- EXERCISE DATA -
------------------------
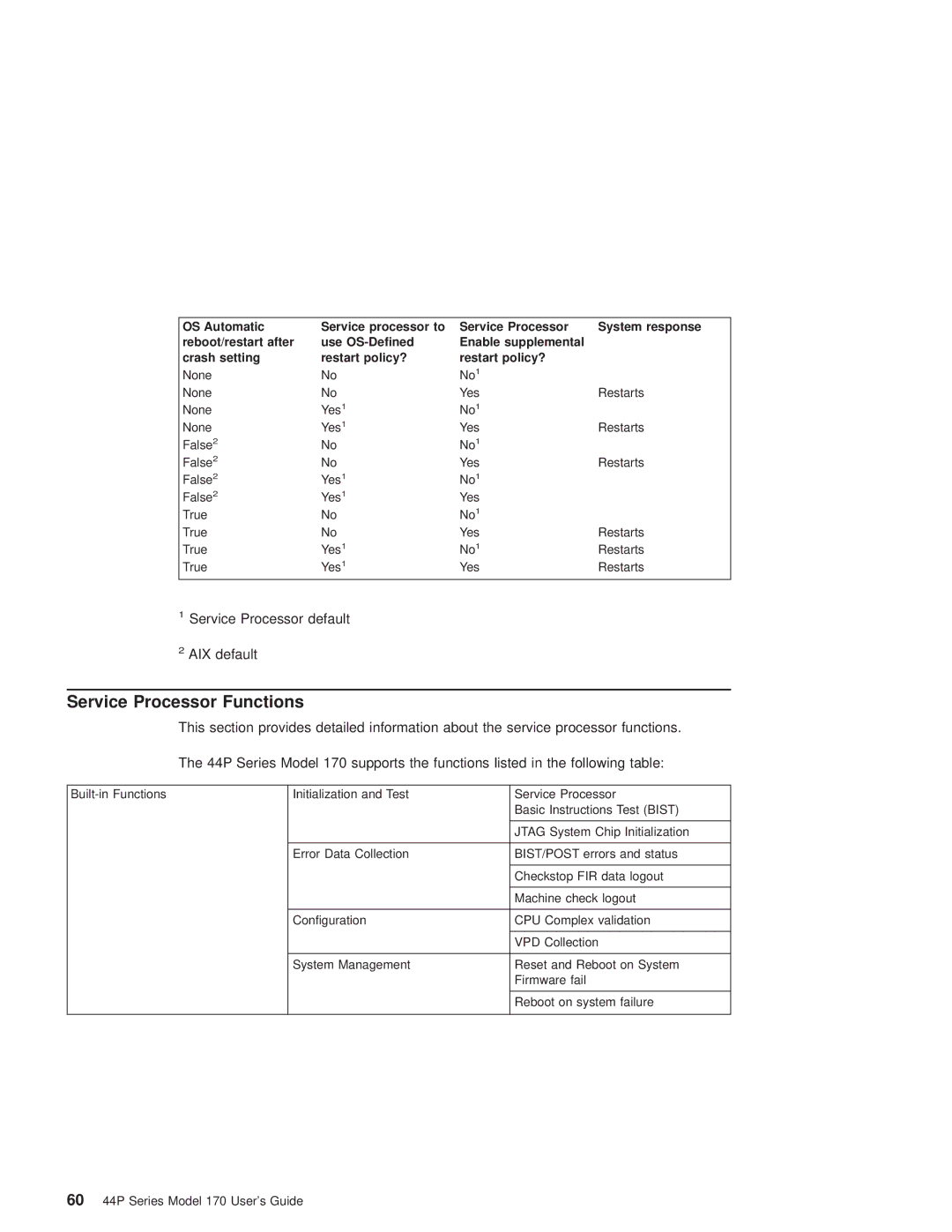 IBM RS/6000 44P manual Service Processor Functions 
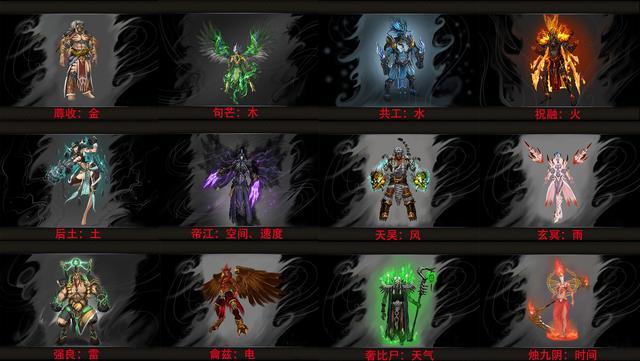 鸿蒙神尊免费阅读，鸿蒙神尊（中国创世神话与盘古开天）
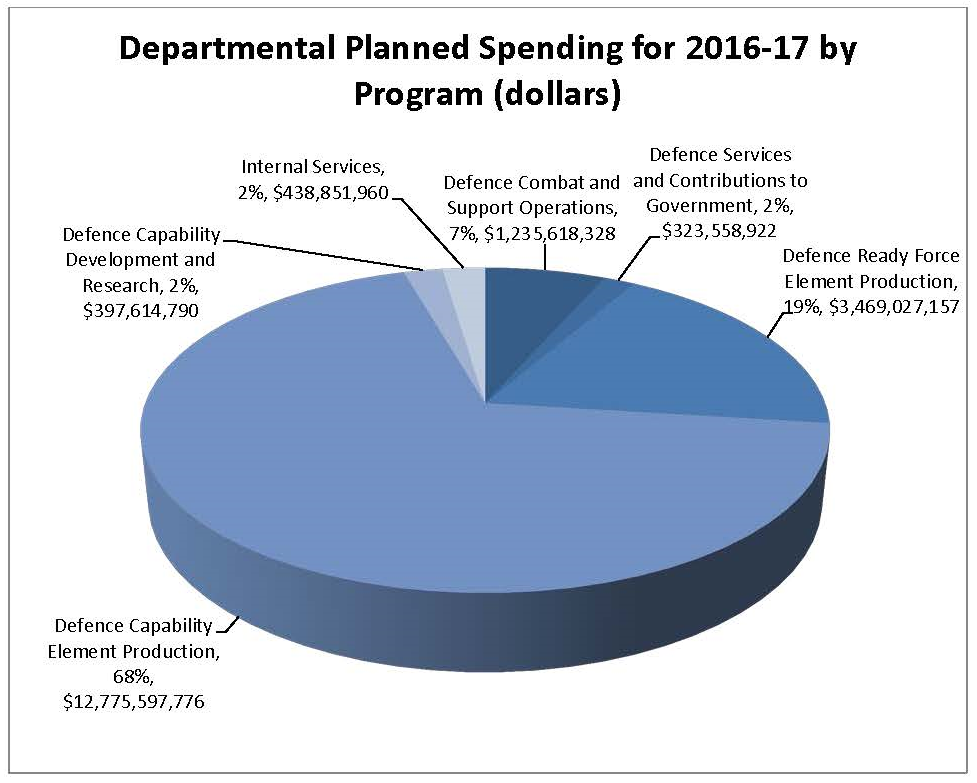 Departmental Planned Spending for 2016-17 by Program (Dollars)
------------------------
- YOUR ASSIGNMENT -
Setting the pictures aside, return exactly the lines from the line with "鸿蒙神尊免费阅读，鸿蒙神尊（中国创世神话与盘古开天）" through the last line of the listing above.

- ANSWER TO THIS EXERCISE -
 鸿蒙神尊免费阅读，鸿蒙神尊（中国创世神话与盘古开天）
 Departmental Planned Spending for 2016-17 by Program (Dollars)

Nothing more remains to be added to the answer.